Fifteen is a magical number in the life of a teenager. They can finally drive instead of being chauffeured by mom or dad. In this edition of Legal Ease we will examine the limitations on the teenage driver and the steps that much be taken to ensure a positive driving experience for your young driver.

Teenage drivers are governed by the Georgia Teenage and Adult Driver Responsibility Act. “TADRA is a graduated driver’s license program for young drivers ages 15-18. The Responsibility Act creates three classes of licenses that govern a teenager.”

At 15 a learner’s permit is granted after the driver has successfully passed a knowledge test consisting of road rules and road signs.  This class CP license requires that the minor be accompanied by an individual that is at least 21 years old, possess a valid class C license, is seated next to them in the vehicle and is capable of exercising control over the vehicle if necessary. The teenager can never be unaccompanied in the car and unfortunately they are not old enough to drive their younger sibling to school just yet.

Upon your teenagers 16th or 17th birthday they should return to the DMV and convert their class CP license to a class D license. A driver is eligible for this class of license if they have held their Learner’s permit for 12months and 1 day, have not committed any major traffic violations such as Driving under the influence of Alcohol and has successfully completed a road skills test. The class D allows the driver some more autonomy but still has important rules that should be followed for the road to a class C to be smooth. The class D driver cannot drive between 12 a.m. and 6 a.m.; during the first six months after receiving the class D license the driver can only transport family members. During the second six months you can transport non family members but one of the non-family member passengers has to be older than 21 years of age. For example, if operating a car with four persons. Two can be family members; two can be non-family members with one of the latter two being over the age of 21. After the first year, the driver can transport non- family members but the driver cannot transport three people who are all under the age of 21.

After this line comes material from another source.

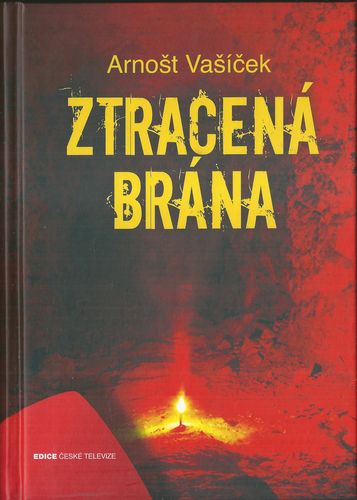 ZTRACENÁ BRÁNA – Arnošt Vašíček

Finally, at age 18, the driver can attain a class C license with full privileges and benefits so long as no major traffic violations occurred within the past year. It is important to note that you are required to change the license from one class to another as it is not automatic and until you do so you are subject to the rules of your class. The rules that govern are driver are based on the class of the license not the age of the driver. In other words, if you are pulled over at 18 and you have a class CP license from when you were 15, you will be treated under the rules of a class CP. This is one of the most overlooked areas. Don’t wait for a citation to take this simple housekeeping step. You should plan a trip to the DMV yearly until your teenager attains the age of 18.

While the class C is a general license there are still some penalties that attach to an 18 year old that does not attach to a 21 year old. If an 18 year old driver is caught driving 24 or more mph above the speed limit they face suspension of their driving privileges. In addition, if the 18 year old driver is convicted of an offense for which 4 points or more are awarded it will result in suspension. There are also offenses that if convicted will result in suspension until the drivers reaches age 21. Driving is a privilege not a right. Equip your young driver for success and allow them to enjoy the road!!